Cédric Kahn cale la progression dramatique sur une forme d’entropie : le désordre va croissant, au fil de disputes et de confrontations, pour finir par déchirer la pseudo-harmonie familiale, dans une scène à la violence inattendue. Cet acmé dysfonctionnel met en lumière la puissante héroïne qu’incarne Emmanuelle Bercot, la fille meurtrie, chez qui il n’y a nulle folie exagérée qui se manifeste, mais une vulnérabilité exacerbée. L’actrice est chez elle, dans ce registre de jeu viscéral. Sa performance, d’une intensité frappante et d’un engagement courageux, nous place dans un sentiment d’inconfort mêlé de fascination : elle met mal à l’aise, sans que cela nous soit désagréable, au contraire. Tour à tour dévastée et souriante, hantée et solaire, elle est invraisemblablement tendue et brutale. Cette fille blessée déplace le centre de gravité du film. Ce n’est pas son moment vrai, dans cette scène de catharsis qui pourrait être une purge : tout le long du film, elle est dans un moment de pure vérité. Emmanuelle Bercot est belle et géniale, avec ses blessures, elle est à vif, contradictoire, déchirée.
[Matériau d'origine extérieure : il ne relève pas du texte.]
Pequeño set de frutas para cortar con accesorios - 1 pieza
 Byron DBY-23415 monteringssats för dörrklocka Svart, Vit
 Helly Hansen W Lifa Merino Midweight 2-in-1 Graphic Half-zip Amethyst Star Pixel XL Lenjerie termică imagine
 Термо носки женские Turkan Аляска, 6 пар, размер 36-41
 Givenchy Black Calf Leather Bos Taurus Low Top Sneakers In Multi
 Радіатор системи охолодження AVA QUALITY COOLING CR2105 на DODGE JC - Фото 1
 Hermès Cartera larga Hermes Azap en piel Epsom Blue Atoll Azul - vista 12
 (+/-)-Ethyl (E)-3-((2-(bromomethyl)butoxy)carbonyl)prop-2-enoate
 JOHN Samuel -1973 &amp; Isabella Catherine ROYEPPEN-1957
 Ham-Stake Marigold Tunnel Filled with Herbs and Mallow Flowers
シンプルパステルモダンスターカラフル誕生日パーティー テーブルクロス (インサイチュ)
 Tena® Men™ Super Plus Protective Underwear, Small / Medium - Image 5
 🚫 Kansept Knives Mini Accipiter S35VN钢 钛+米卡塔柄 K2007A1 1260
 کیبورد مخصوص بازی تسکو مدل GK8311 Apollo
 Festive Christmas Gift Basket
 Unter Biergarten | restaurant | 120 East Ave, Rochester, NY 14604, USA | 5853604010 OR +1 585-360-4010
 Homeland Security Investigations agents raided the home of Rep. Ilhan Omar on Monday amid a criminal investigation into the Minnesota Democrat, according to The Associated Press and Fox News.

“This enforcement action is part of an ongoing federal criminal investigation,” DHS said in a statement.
Il y a dans Fête de Famille comme une homothétie avec Juste la fin du monde de Xavier Dolan, adapté d’une pièce de Jean-Luc Lagarce, avec en point central invariant le même retour pathogène d’un enfant dans une fratrie passionnelle : Cédric Kahn en a conservé les angles, tout en réduisant, de cette figure névrotique, l’hystérie. Fête de Famille s’épuise moins à des effets de langage dans le portrait sans faille de la violence psychologique : la dévastation y prend la forme moins démonstratrice d’une douceur apparente, mais tout aussi toxique, à l’image du personnage de la mère jouée par Deneuve, bloc opaque de non-dits, de mystères non dissipés.